Transposição está funcionando normalmente na Paraíba

A alegação de que o "canal do São Francisco" está sem água também não é verdadeira. De acordo com a Aesa, a água entra no eixo leste da transposição e chega à Paraíba, onde o fluxo está normal, com uma vazão atual de 2,21 m³/s, conforme o monitoramento realizado pela agência.

Segundo o órgão, a região de Campina Grande não enfrenta problemas de abastecimento e está com segurança hídrica. Algumas áreas específicas da zona rural, especialmente em regiões como Sertão, Alto Sertão, Cariri e Curimataú, podem enfrentar estiagem, mas isso não tem relação com a transposição. "É importante destacar que estamos iniciando o período chuvoso nas regiões mais carentes de água", diz a nota enviada à redação.

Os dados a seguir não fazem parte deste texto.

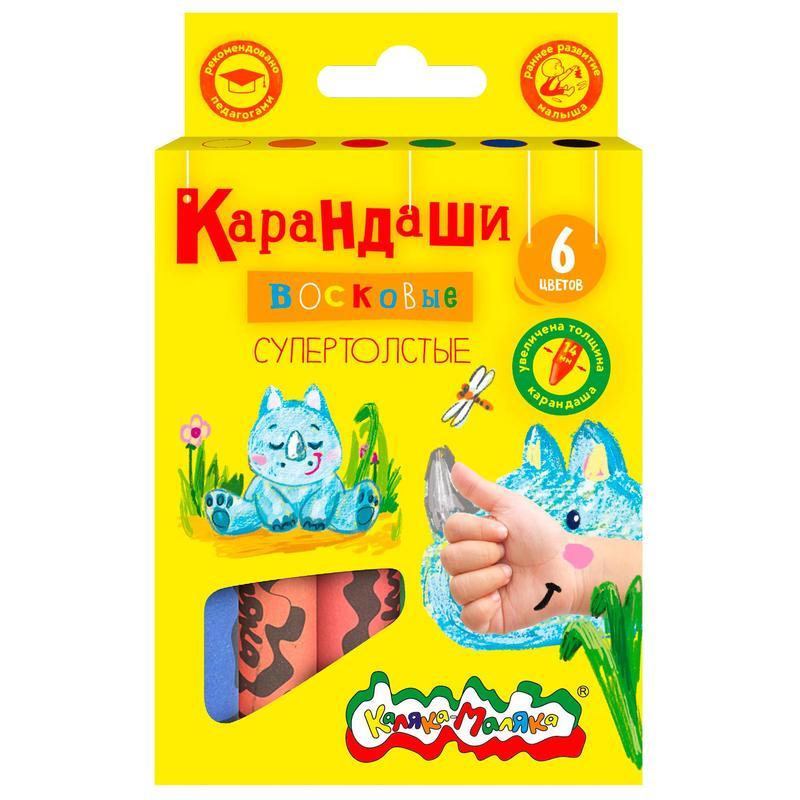 

Карандаши восковые 6 цв Каляка-Маляка D=14мм круглые 12 уп., Разноцветные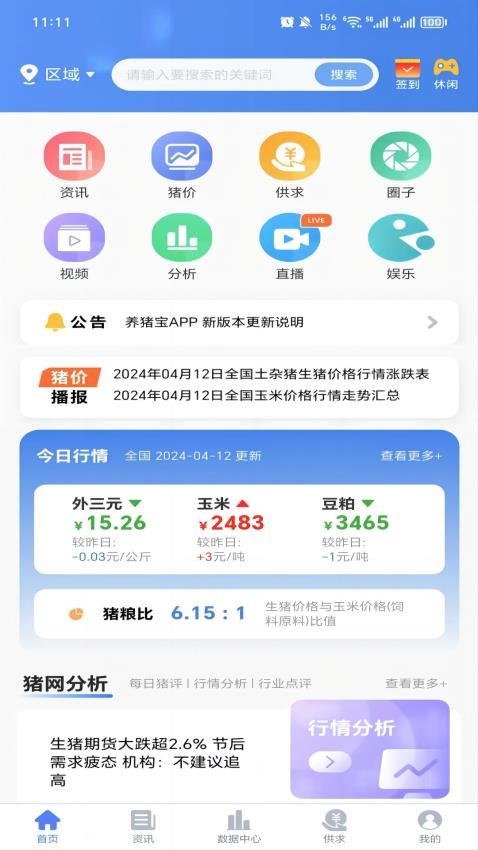 养猪宝appv1.8.1 1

Por fim, a alegação feita no vídeo de que Bolsonaro foi quem levou as águas do São Francisco já foi desmentida anteriormente pelo Estadão Verifica. O Eixo Leste da transposição entrou em pré-operação em março de 2017, quando foi inaugurado pelo ex-presidente Michel Temer (MDB). As águas chegaram ao açude Epitácio Pessoa, localizado no município de Boqueirão, depois de 41 dias, em 18 de abril daquele ano. Esse reservatório é justamente o que abastece a região de Campina Grande.